The tablet includes a HD accelerator allowing it to handle full 1080p video but I didn’t find the video watching experience any more riveting than on an iPad 2. A bit too bulky
With an 11.6-inch screen running at a resolution of 1366×768, the Slate 12 offers more screen real estate than competitors on the market. However, that extra screen size certainly adds to the heft – the device weighs around 1kg and is 14mm thick. The iPad 2, on the other hand, weighs just over 600 grams and is 8.8mm thin.
Asked what the Slate 12 offered consumers that the iPad 2 or Android tablets like the Samsung Galaxy Tab 10.1 didn’t, Leader cited first and foremost the bigger screen.
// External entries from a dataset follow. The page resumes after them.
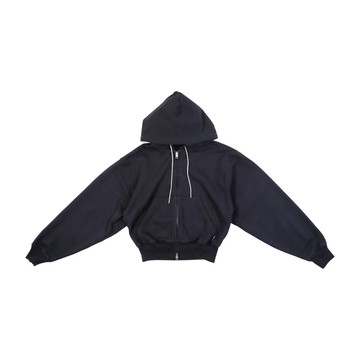 alexanderwang 水晶燙鑽裝飾抽繩黑色棉質連帽衫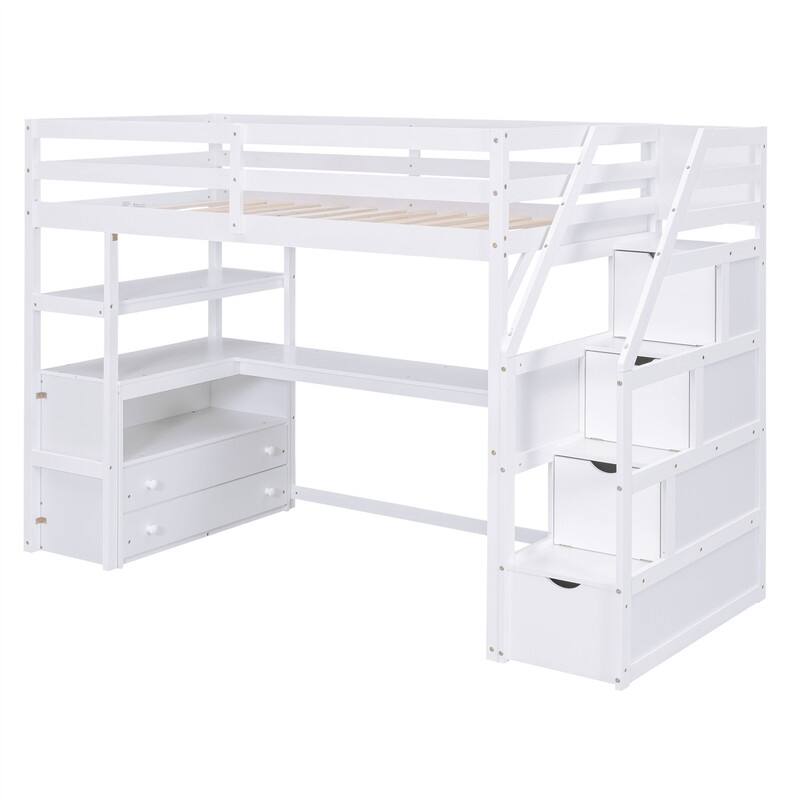 Twin/Full Size Stairway Loft Bed with Built-in Desk with Two Drawers, Solid Wood Bed Frame with Storage Shelves for Kids Teens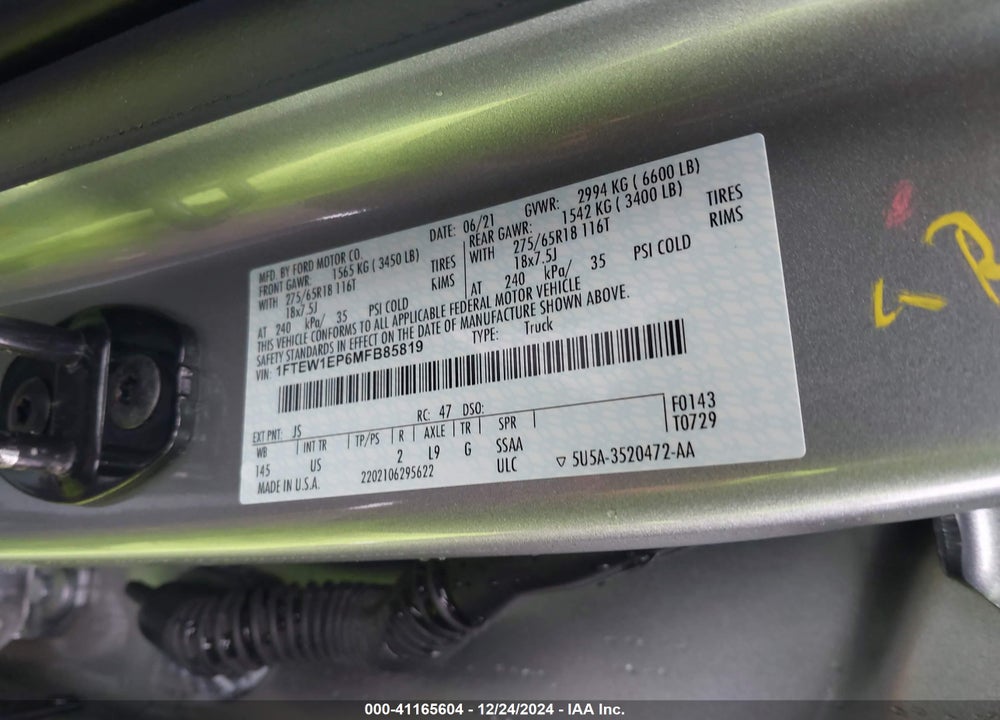 2021 FORD F-150 XLT VIN: 1FTEW1EP6MFB85819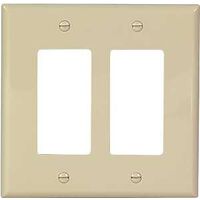 two gang decorator plate, almond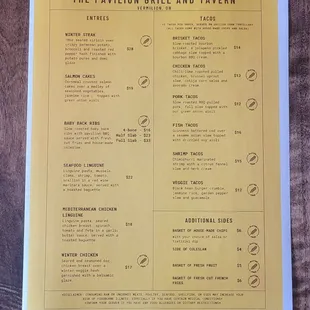 Menu as of January 2023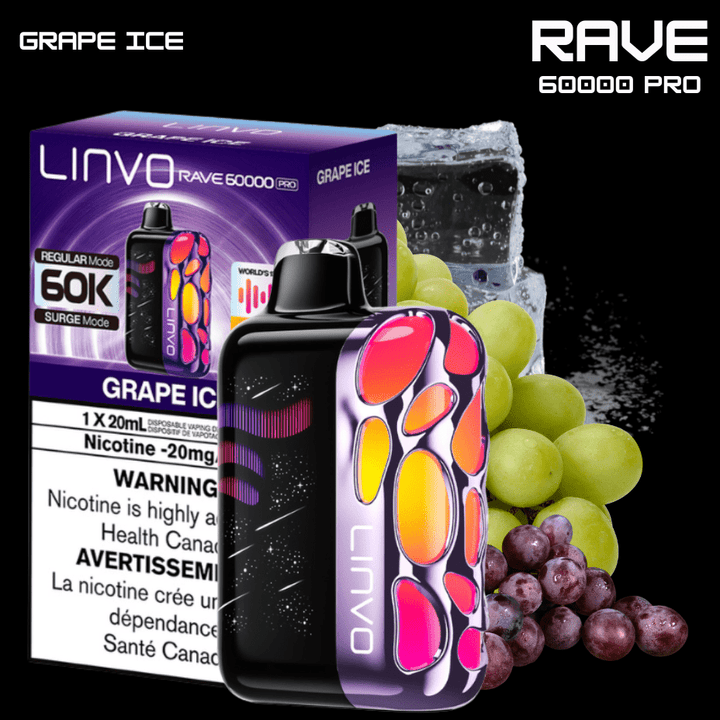 Oxbar Linvo Rave 60k Disposable Vape-Grape ice Steinbach Vape SuperStore and Bong Shop Manitoba Canada
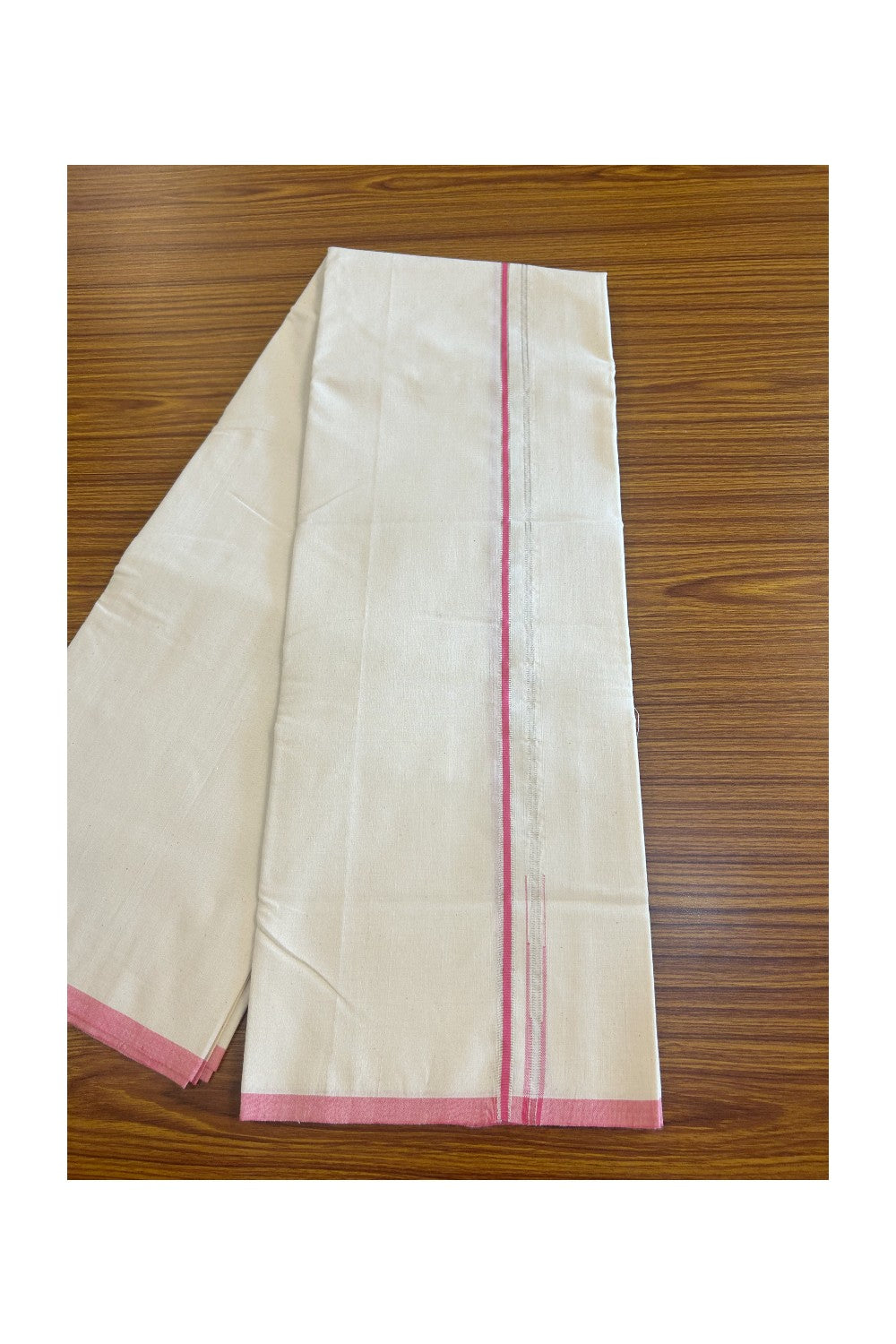 SIGNATURE KAITHARIKADA EXCLUSIVE SINGLE DHOTI - 100% Cotton Balaramapuram HANDLOOM Single Mundu/Dhoti - Off White - (Unbleached) 0.25 Inch PINK & SILVER KASAVU Chutty Kara- 2KK502KK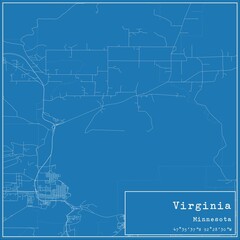 Blueprint US city map of Virginia, Minnesota.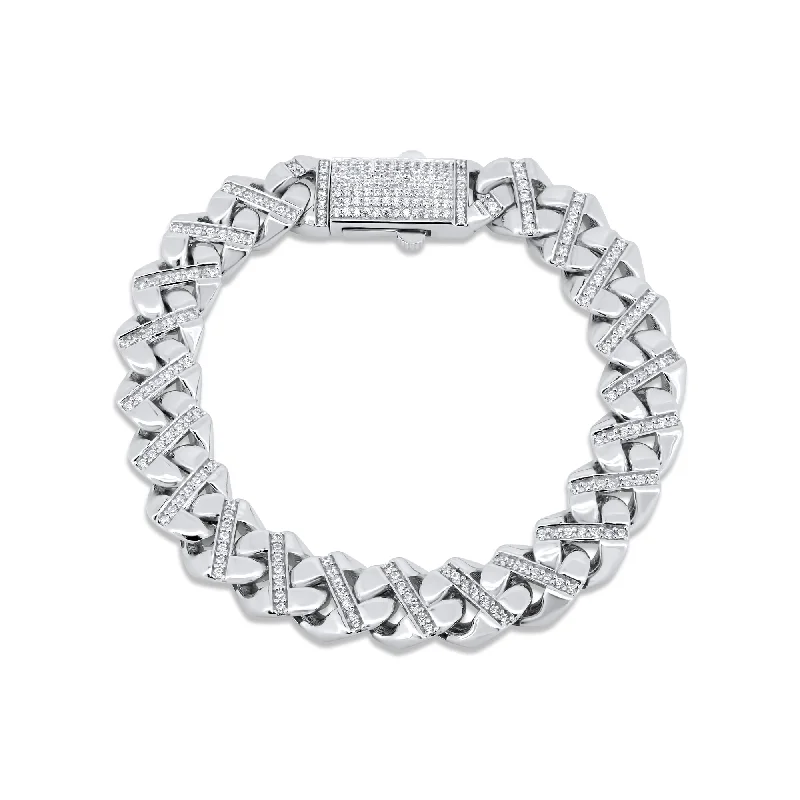 Rhodium Plated 925 Sterling Silver Cuban CZ 12mm Bracelet - GMB00105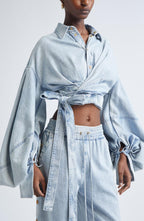 Women Collar Patchwork Top+ Pants Casual Denim Suit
But personally I feel closer to the 10-inch mark is the sweet spot and the larger screen isn’t worth the extra heft. The larger weight is particularly a problem when trying to, for instance, read books with one hand in portrait mode, or when using the tablet on the go.
Other features not offered by competitors out of the box include easy storage expansion (two USB slots and an SD card slot) and a 1080p mini-HDMI output for connecting to a TV. That said, iPad 2 owners can buy the optional camera connection kit and digital AV adapter accessories.
Save for the fact that it’s a little chunky, the Slate 12 isn’t a bad looking tablet, with a clean glass front and a back devoid of everything except a power button and some air vents. In the top left-hand corner there’s a 1.3-megapixel camera for video conferencing (just install Skype) but there’s no camera on the back for taking pictures. Poor battery life
One of my main pain points with the Leader tablet was the battery life. The most you’ll get from a single charge is around four hours but if you’re a heavy user then you may not even get that.
The Leader Slate 12 is priced between $999 and $1249, the former buying you a 32GB model with Windows 7 Home Premium and the latter offering Windows 7 Professional and 64GB of built-in storage. All models come with Wi-Fi, 3G and GPS support.
This price is just unacceptably high considering the iPad 2 is clearly a superior product and starts at $579. Unless you’re a corporate user who needs to be able to run Windows apps, you’re likely to have a much more satisfying experience with an iPad 2 or Android tablet.